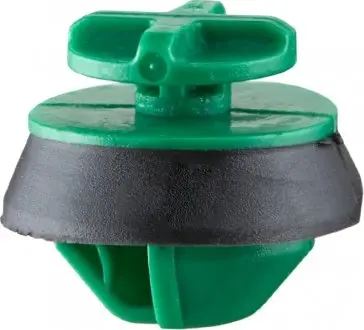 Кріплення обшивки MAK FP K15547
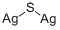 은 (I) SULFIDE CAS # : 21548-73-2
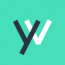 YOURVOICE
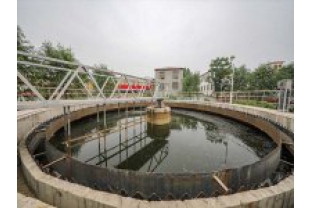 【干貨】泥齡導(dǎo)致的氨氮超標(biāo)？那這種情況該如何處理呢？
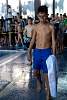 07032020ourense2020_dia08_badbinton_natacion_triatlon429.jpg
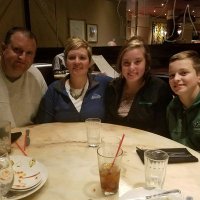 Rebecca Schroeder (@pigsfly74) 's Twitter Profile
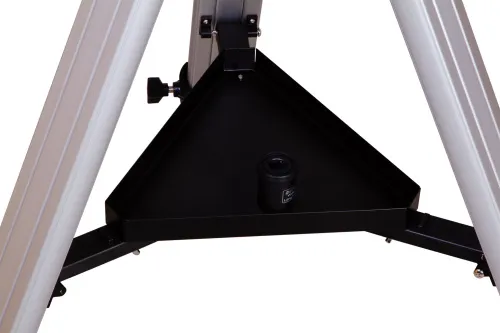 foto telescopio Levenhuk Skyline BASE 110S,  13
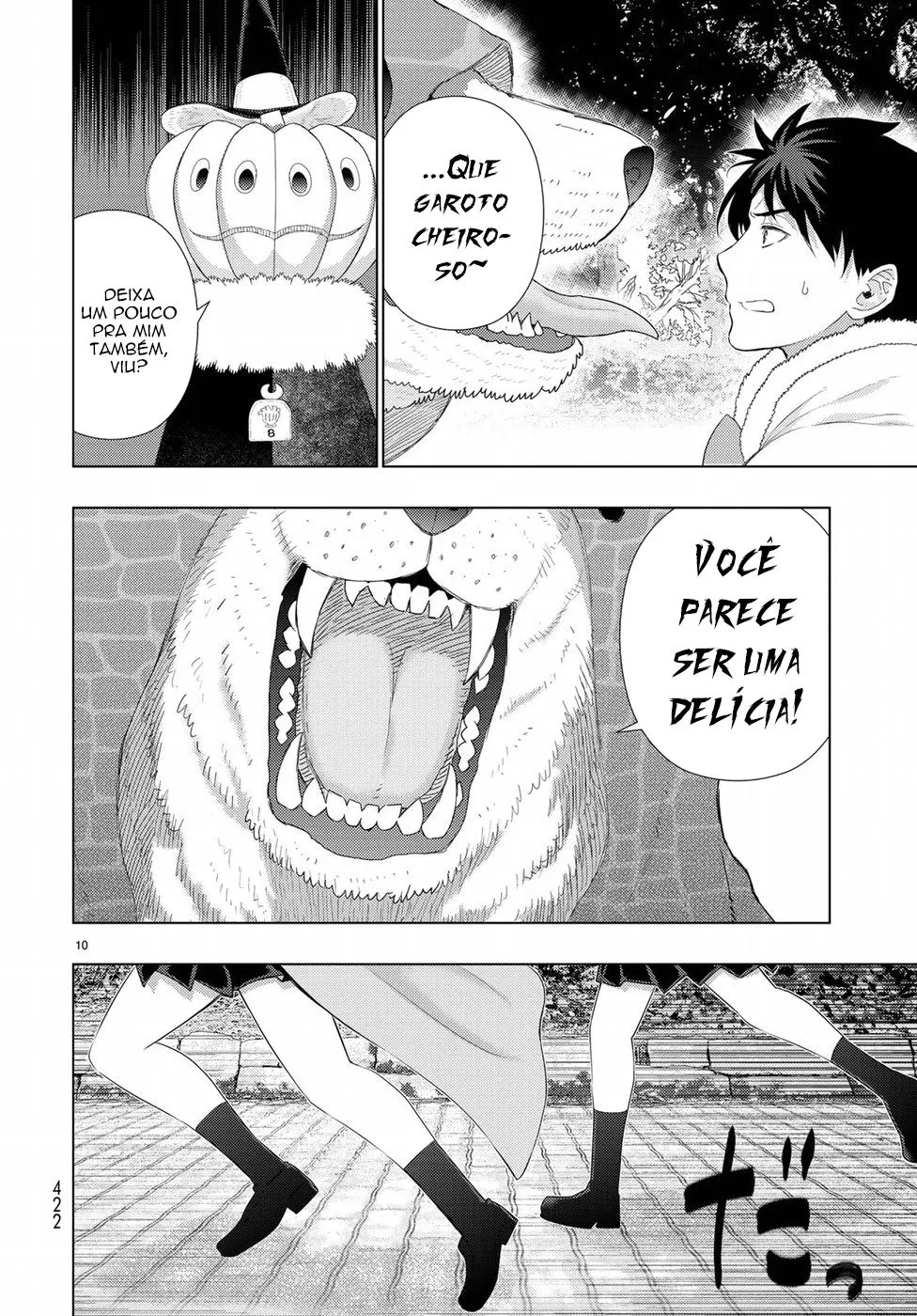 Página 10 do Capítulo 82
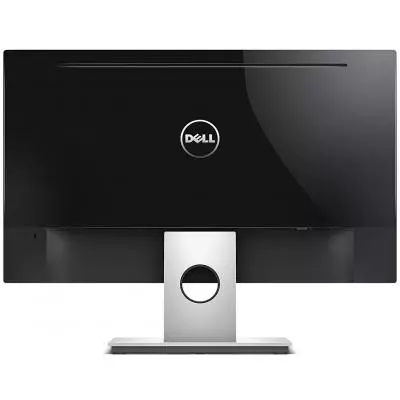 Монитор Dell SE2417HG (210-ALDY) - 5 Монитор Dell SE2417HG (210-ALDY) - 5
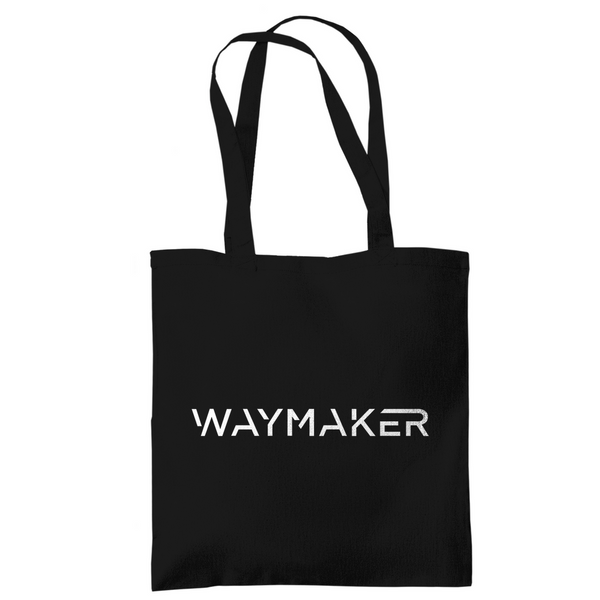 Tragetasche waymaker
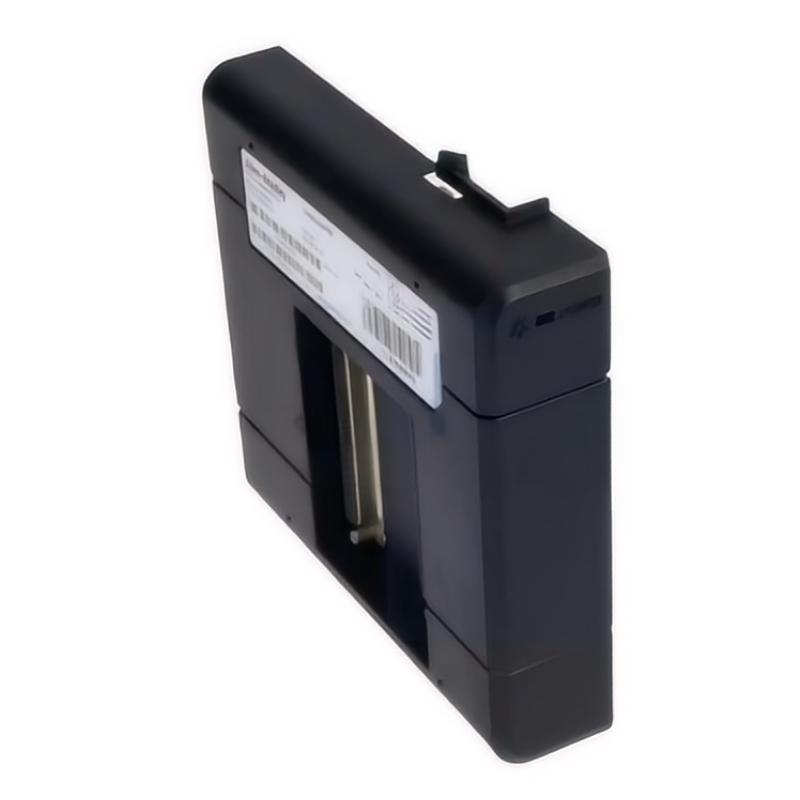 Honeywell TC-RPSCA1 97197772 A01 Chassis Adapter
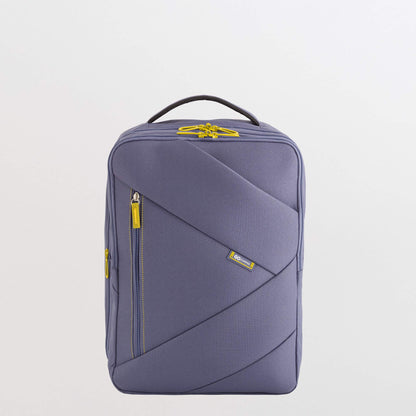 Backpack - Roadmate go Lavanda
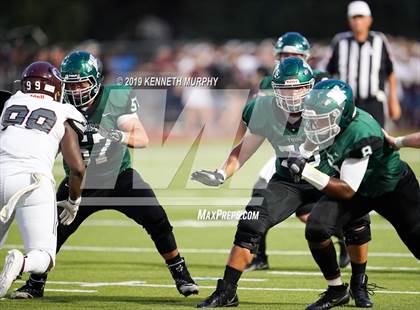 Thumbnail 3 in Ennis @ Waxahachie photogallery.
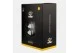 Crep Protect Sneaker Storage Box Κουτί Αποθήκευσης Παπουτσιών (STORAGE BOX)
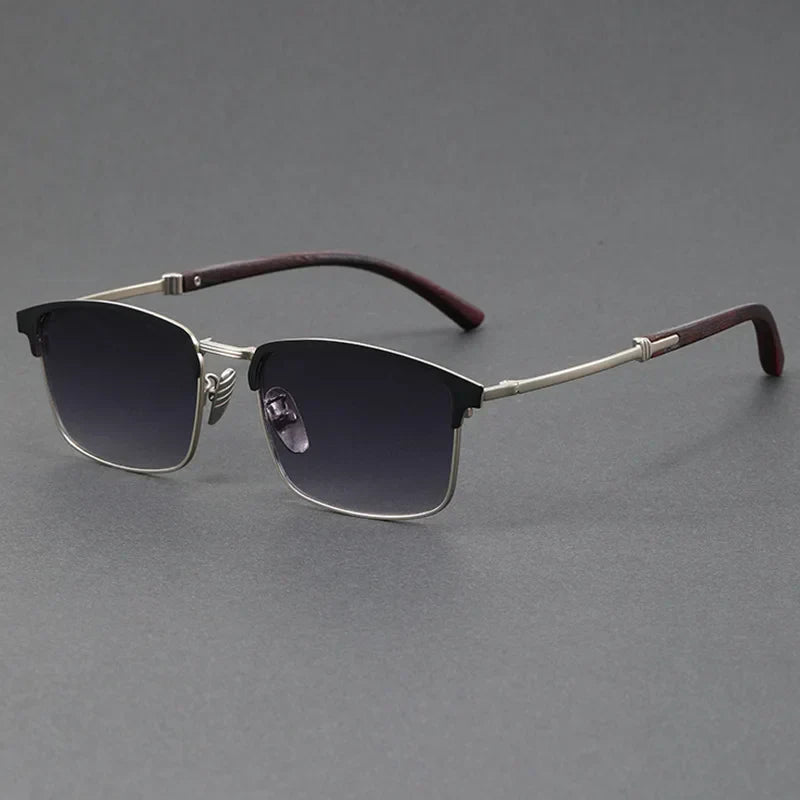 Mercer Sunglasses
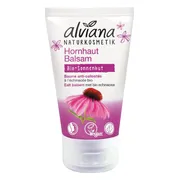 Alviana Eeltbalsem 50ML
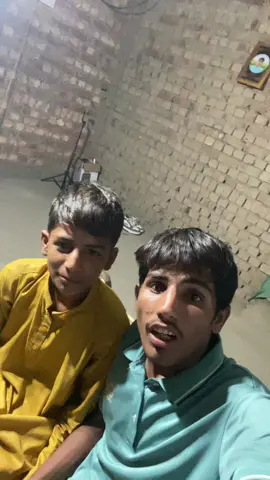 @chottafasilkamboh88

» **Brief**
Write out the listing again word for word, but without its pictures.

» **The answer**
 Кріплення обшивки MAK FP K15547
 은 (I) SULFIDE CAS # : 21548-73-2
 YOURVOICE
 【干貨】泥齡導(dǎo)致的氨氮超標(biāo)？那這種情況該如何處理呢？
 07032020ourense2020_dia08_badbinton_natacion_triatlon429.jpg
 Rebecca Schroeder (@pigsfly74) 's Twitter Profile
 foto telescopio Levenhuk Skyline BASE 110S,  13
 Página 10 do Capítulo 82
 Монитор Dell SE2417HG (210-ALDY) - 5 Монитор Dell SE2417HG (210-ALDY) - 5
 Tragetasche waymaker
 Honeywell TC-RPSCA1 97197772 A01 Chassis Adapter
 Backpack - Roadmate go Lavanda
 Thumbnail 3 in Ennis @ Waxahachie photogallery.
 Crep Protect Sneaker Storage Box Κουτί Αποθήκευσης Παπουτσιών (STORAGE BOX)
 Mercer Sunglasses
 Alviana Eeltbalsem 50ML
 @chottafasilkamboh88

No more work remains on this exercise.